Transakcyjność zgodna z założeniami wyrażonymi w popularnym akronimie ACID (Atomicity, Consistency, Isolation, Durability) w warunkach współbieżności i konkurencyjności o zasoby wymaga od silnika bazodanowego odpowiedniej obsługi blokad zasobó

# May 2, 2007 11:44 AM

cory said:

Hi,

The article mentions that the tcp/ip keep-alive is NOT on by default on windows OS, but sql server uses it.  Is there a way to turn off tcp/ip keep-alive for SQL Server 2005?  Was tcp/ip keep-alive on or off for sql server 2000?

Thanks!

# July 11, 2007 1:15 PM

Simon said:

When does the sql server issue the keepalive? Is it when it just finishes answering a query?

Thanks.

# August 1, 2007 1:29 AM

Nan Tu said:

Keeplive is a TCP feature that SQL Server leverages to detect transport layer failure. In default setting of Windows operating system, it issues keepalive 30 seconds after the connection becomes idle.

# August 1, 2007 1:22 PM

pvr_in_msdn said:

Hi Nan Tu,

What are the settings we need to enable KeepAlive through SqlServer2005. I know there is an option to configure thru Sql server Configuration Manager TCP/IP options. But is that fine or we need to set someting other than that. Please clarify.

Thanks in Advance,

Palani

# July 31, 2008 11:54 AM

SQL Protocols said:

Hi Palani,

Sorry for the lack of clarity in the blog post.  SQL Server 2005 enables KeepAlive on all of its connections, and that is sufficient to put KeepAlive to use - there is no need to enable it elsewhere in the OS.  Other than to use SQL Server Configuration Manager to potentially change the parameters mentioned above, there should be no configuration necessary to get KeepAlive.

Hope this helps!

Dan Benediktson

SQL Protocols

# August 1, 2008 6:10 PM

praveen said:

We have problem with SQL 2005 in our company. A script is being run to extract the data from SQL server and sometimes server drops the connection when script runs for more than an hour.

Is there any setting that I can change so that connection will not be dropped.

# August 7, 2008 9:26 AM

Peter said:

How to use netmon to trace keepalive packets?

# October 9, 2008 7:30 PM

B. H. said:

some questions on this topic.

Does it need to bounce the sql service after reconfig "keep alive" numbers in Sqlserver configuration manager?
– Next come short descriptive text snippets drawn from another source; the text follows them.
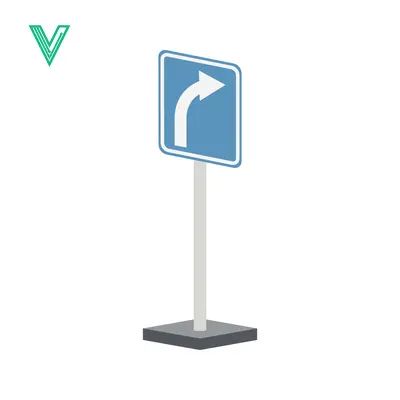 Road Sign Indicating a Right Turn Ahead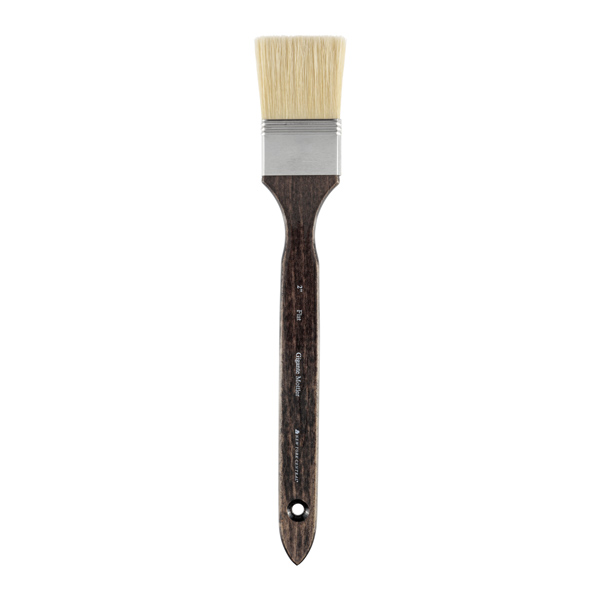 4 inch European Professional Stain Block Paint Brush - Natural Bristle Wooden Handle - for Acrylic, Chalk, Oil, Watercolor, Gouache, Stain, Varnish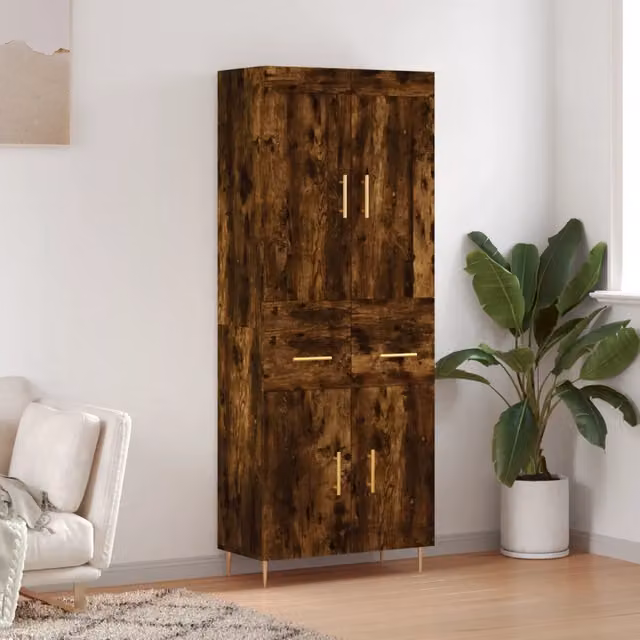 Credenza moderna vidaXL in legno e metallo color rovere fumo, L: 69,5 cm, P: 34 cm, H: 180 cm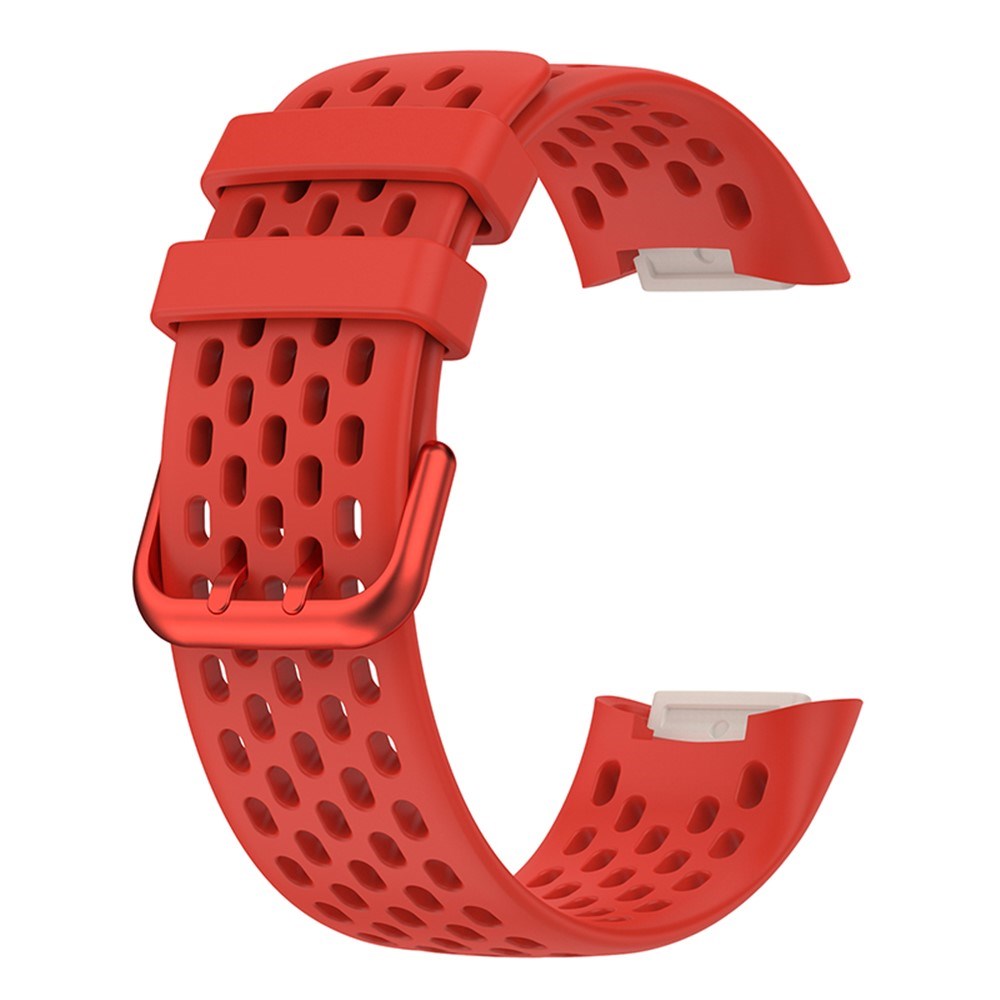 Fitbit Charge 6 / 5 Silikonarmband med Hål - Röd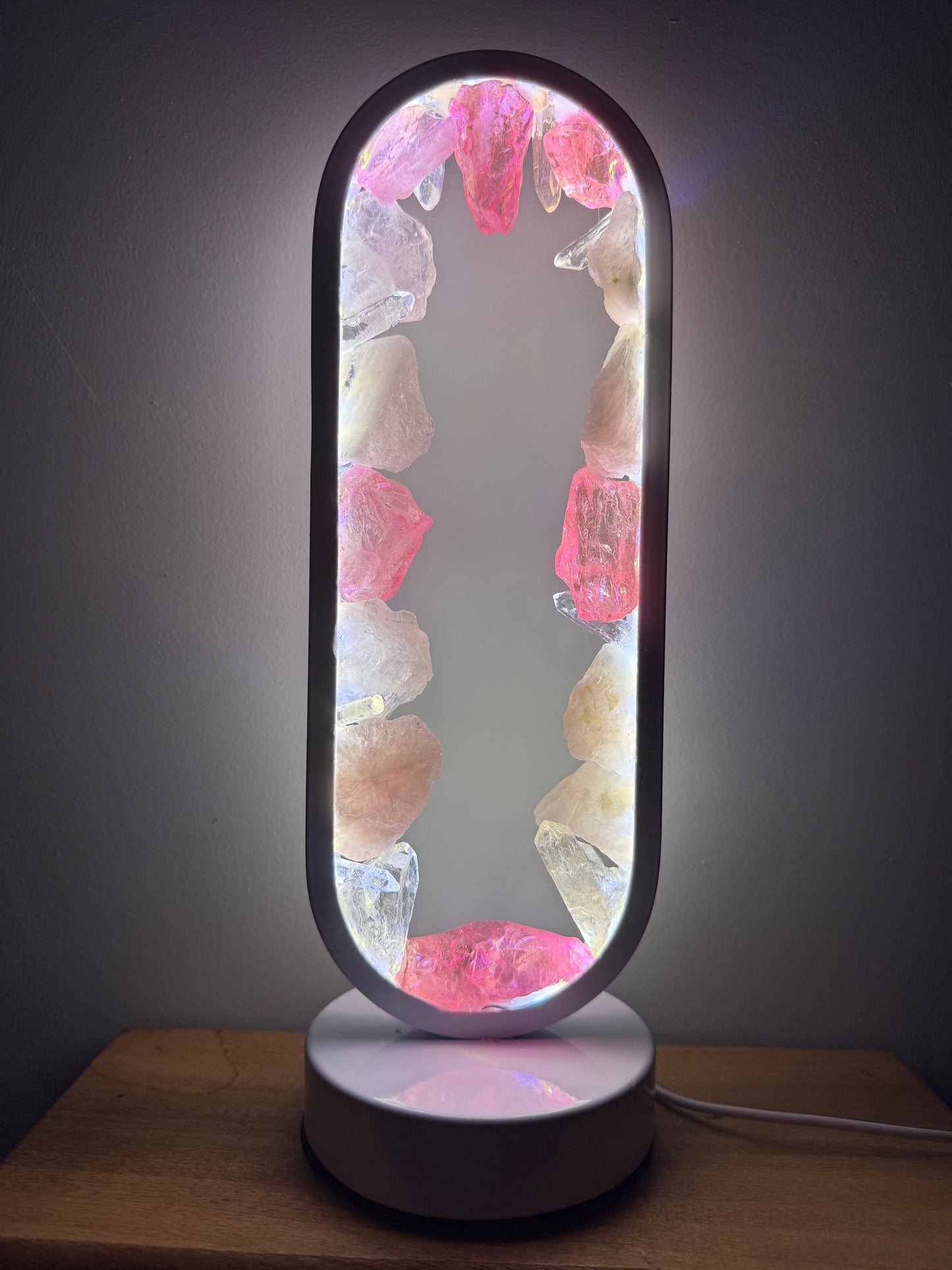 Rose Quartz & Pink Aura Quartz Lamp.(resin coated)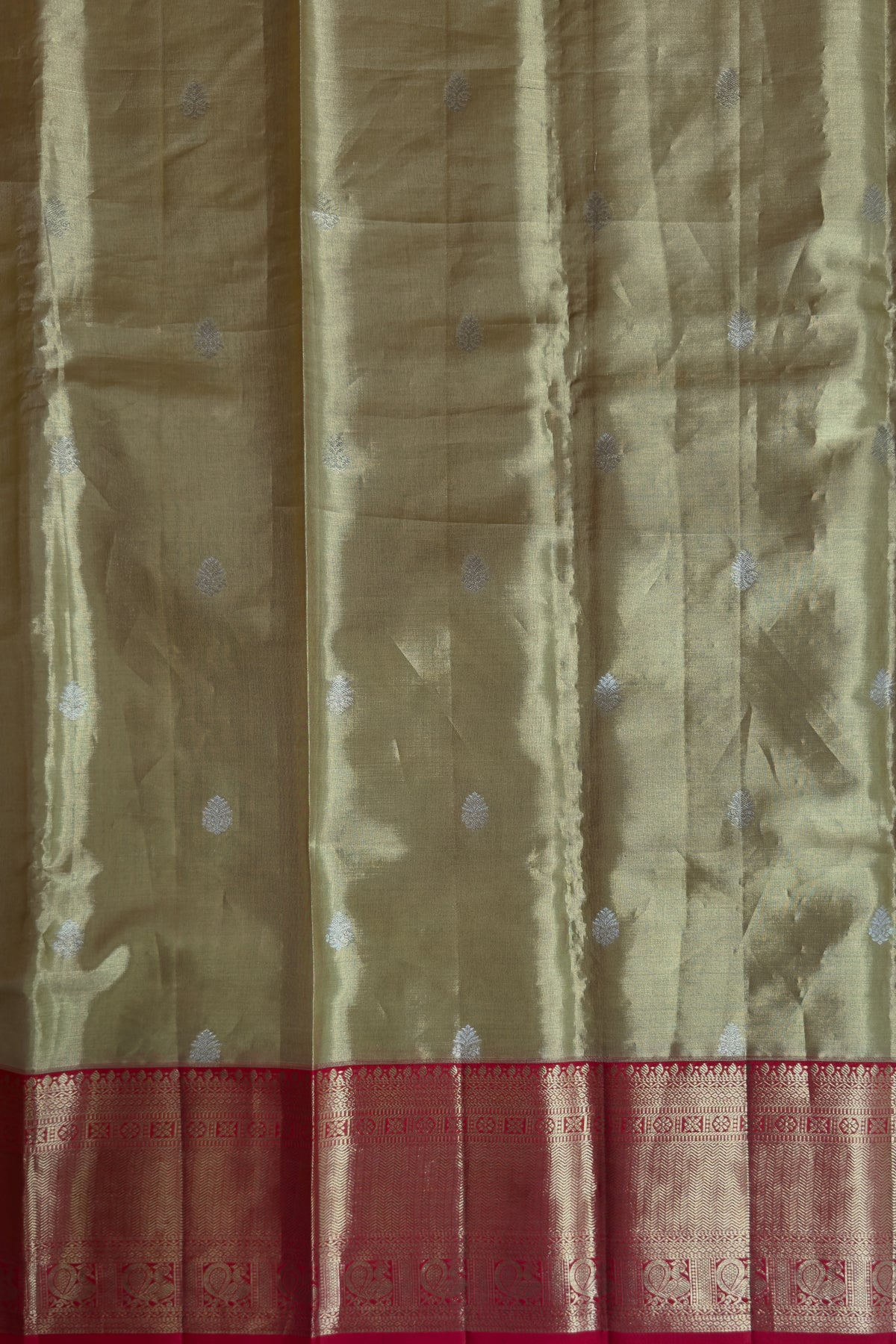 Gold & Red Pure Silk Handloom Tissue Kanjeevaram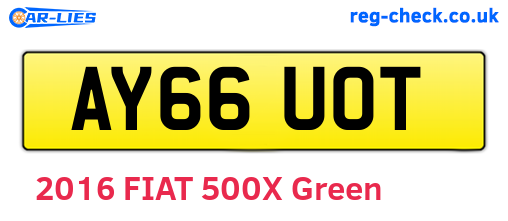 AY66UOT are the vehicle registration plates.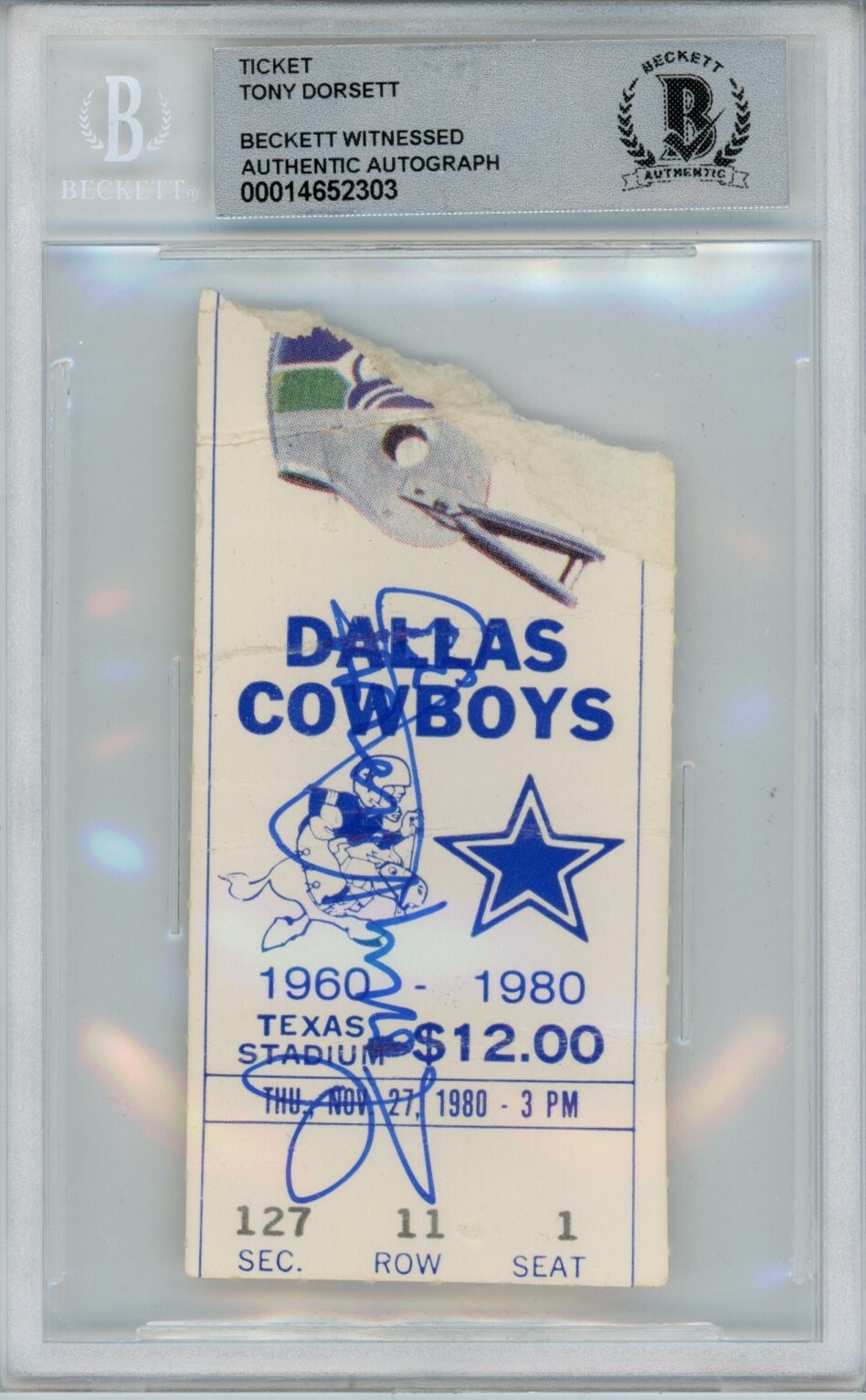 Tony Dorsett Autographed Signed 11/27/1980 Ticket Stub Beckett 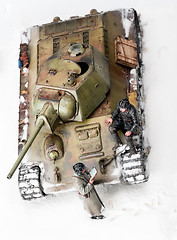 Image showing Diorama with old soviet t 34 tank. Top view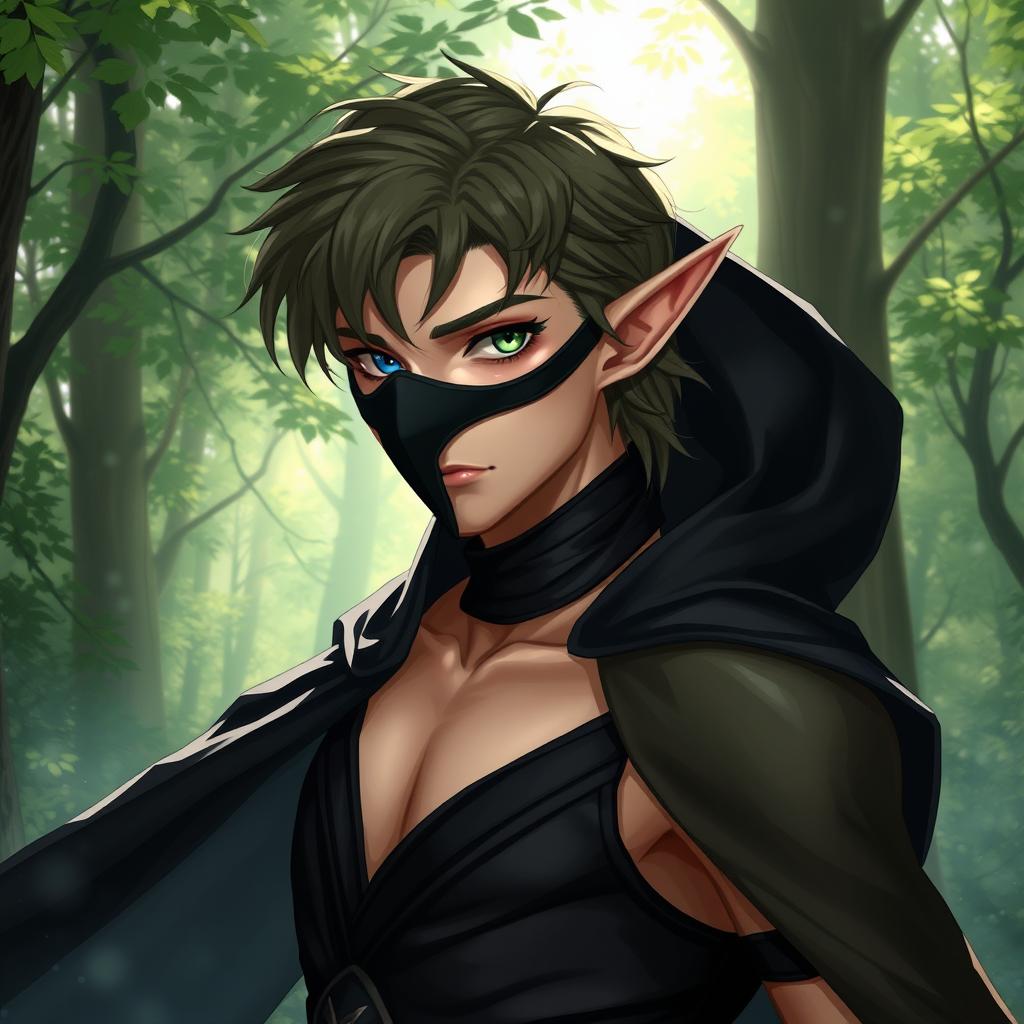 A male wood elf with striking features, showcasing one blue eye and one green eye, dressed in an elegant black outfit that highlights his lithe, agile physique
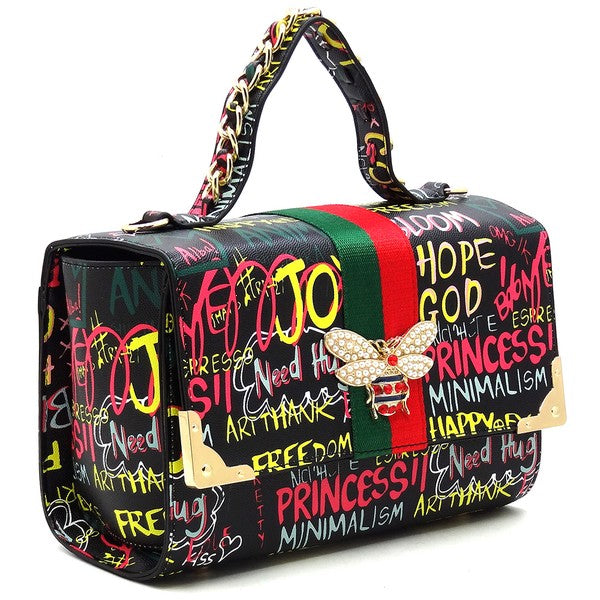 Multi Graffiti Queen Bee Stripe 2 in 1Boxy Satchel (5 Colors)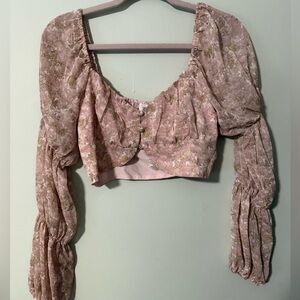 NWT Lane 201 Pink Floral Cropped Blouse
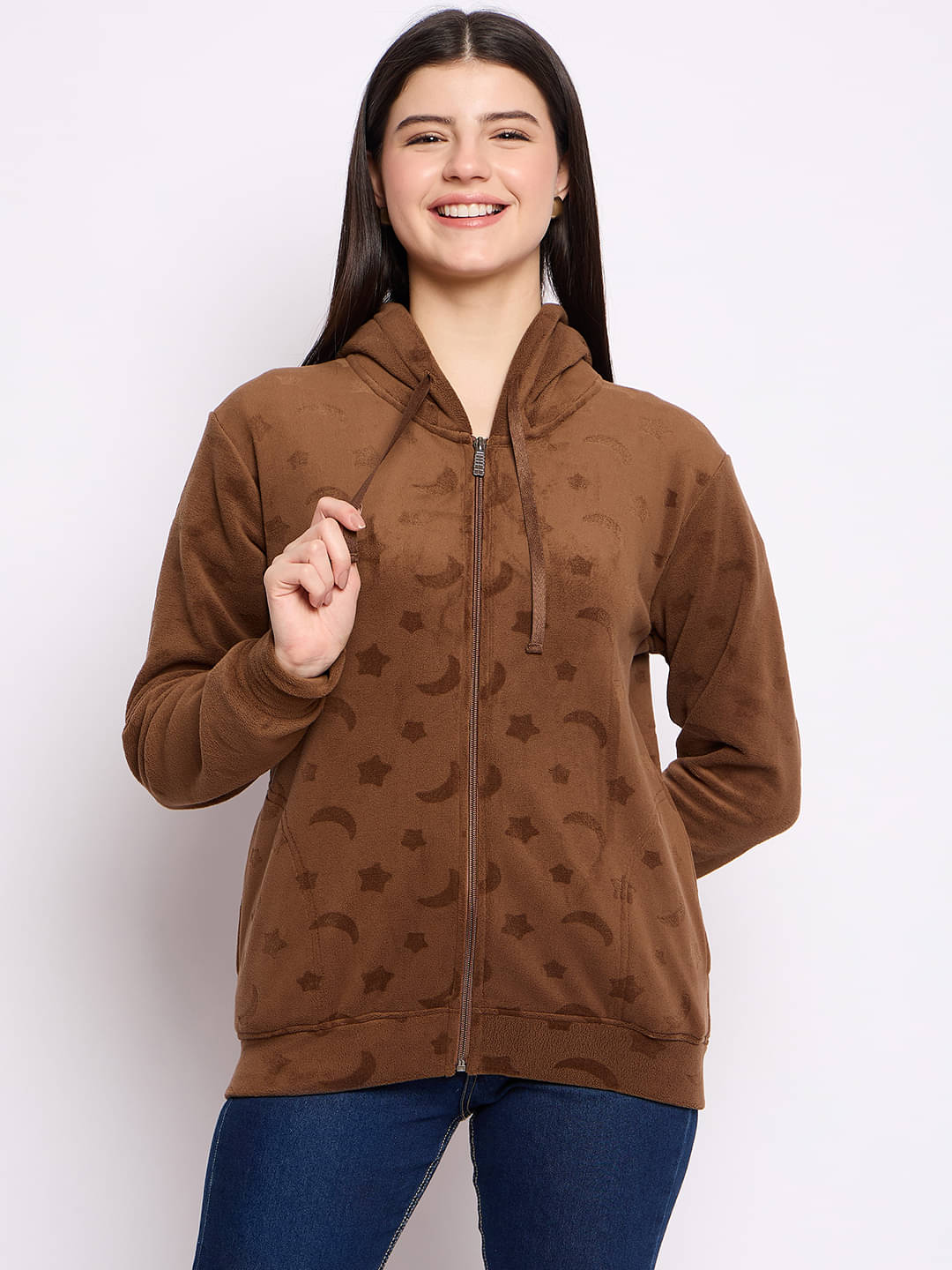 Camey Women Fleece Hooded Sweatshirt ( Brown ) Camey Women Fleece Hooded Sweatshirt ( Brown )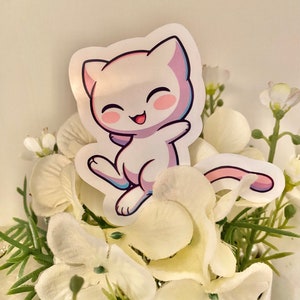 Glücklicher Kawaii Mew laminierter Pokemon Aufkleber Pokeball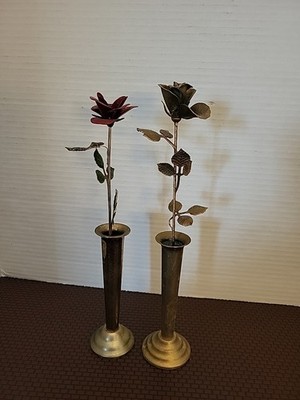 Ted Arnold Vintage Brass Red Rose in Bud Vase Set of 2 (One Red/green One Brass)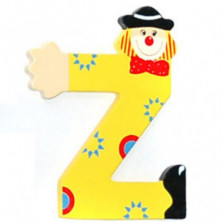 LETRA INFANTIL MADERA PAYASO Z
Do any of these window parameters, KeepAliveInterval and KeepAliveTime, should be set as well, as they don't seem to come with default setting in registry? In other words, if we only config sqlserver side, this feature will take effect as well?

Also heard a workaround to fix keealive problems by setting "Keep Alive" in sql server to 0, instead of default 30000. By doing this, is keepalive still working?